Immortalized in “Brian’s Song,” he showed as much fight on the field as off in his short life.
Brian Piccolo was born on October 31, 1943 in Pittsfield, Massachusetts and was immortalized in the film “Brian’s Song” after losing his battle with cancer at the age of 26.
At Central Catholic High School, Piccolo played offensive tackle and halfback. He took a scholarship to Wake Forest University where, in his senior year, he led the nation in rushing with 1,044 yards on 252 carries (a 4.1-yard average.)
Despite being named Atlantic Coast Conference Player of the Year, he was not drafted by the NFL in 1964. Many felt that at 5’11″ and 190 pounds, Piccolo simply wasn’t large or fast enough.
The Chicago Bears signed him as a free agent, and Piccolo toiled on the team’s taxi squad before entering the game. From 1966-1969, he scored four touchdowns, rushed 258 times for 927 yards and caught 58 passes for 537 yards.

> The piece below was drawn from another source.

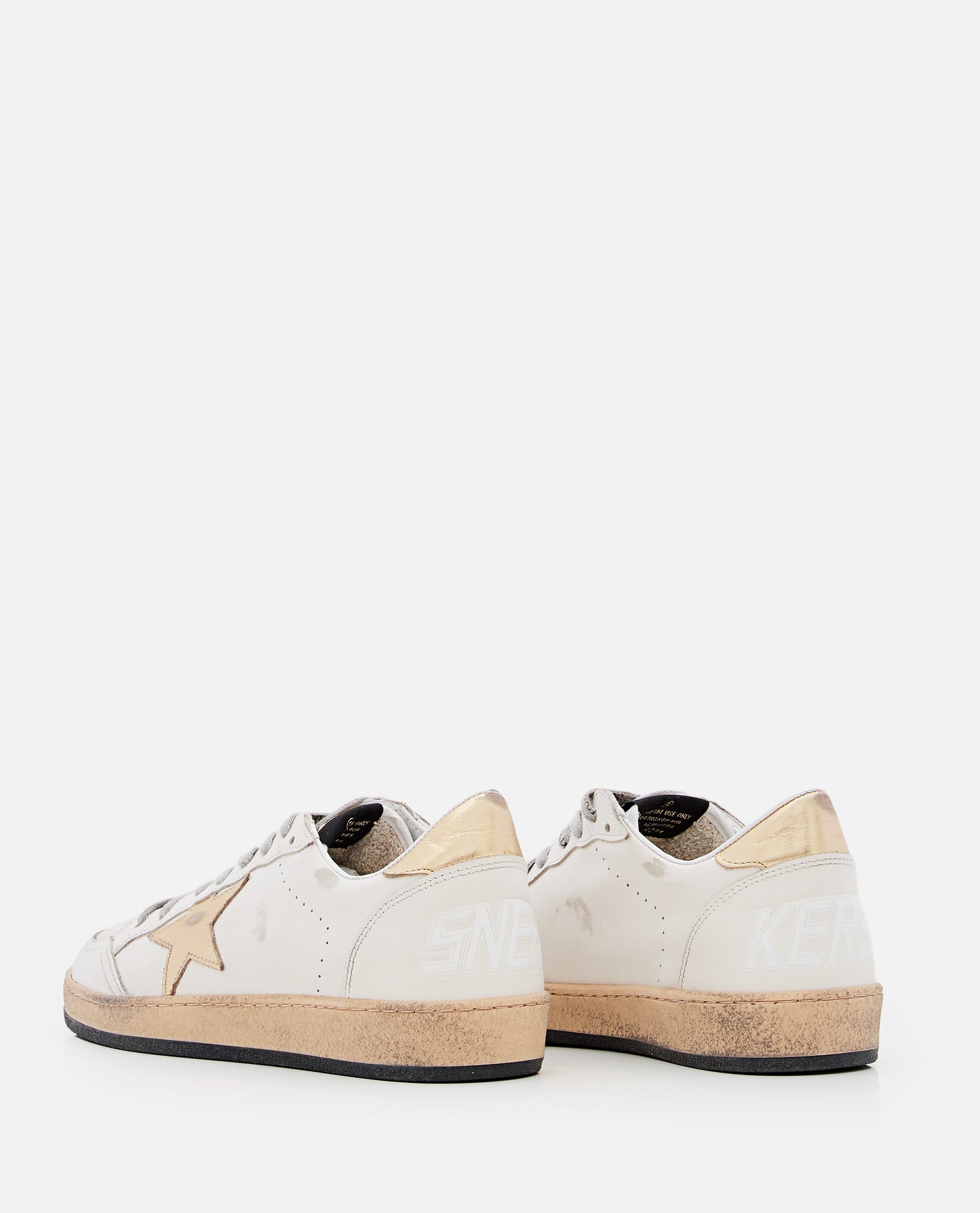 Golden Goose Women Ballstar Leather Sneakers GOLDEN GOOSE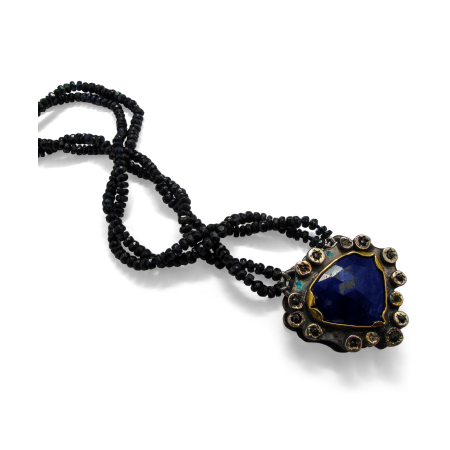 Birthstone Jewellery - September Sapphire | Necklace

Piccolo also fought hard to emerge from the shadow of running back Gale Sayers, who was also his best friend. The relationship between the white Piccolo and African-American Sayers made waves and broke boundaries at the height of the civil rights movement when the best friends became the first interracial roommates in the NFL.
In 1969, Piccolo was diagnosed with cancer and, despite a valiant fight, he lost his battle on June 16, 1970 at age 26. He was elected to the National Italian American Sports Hall of Fame in 1980.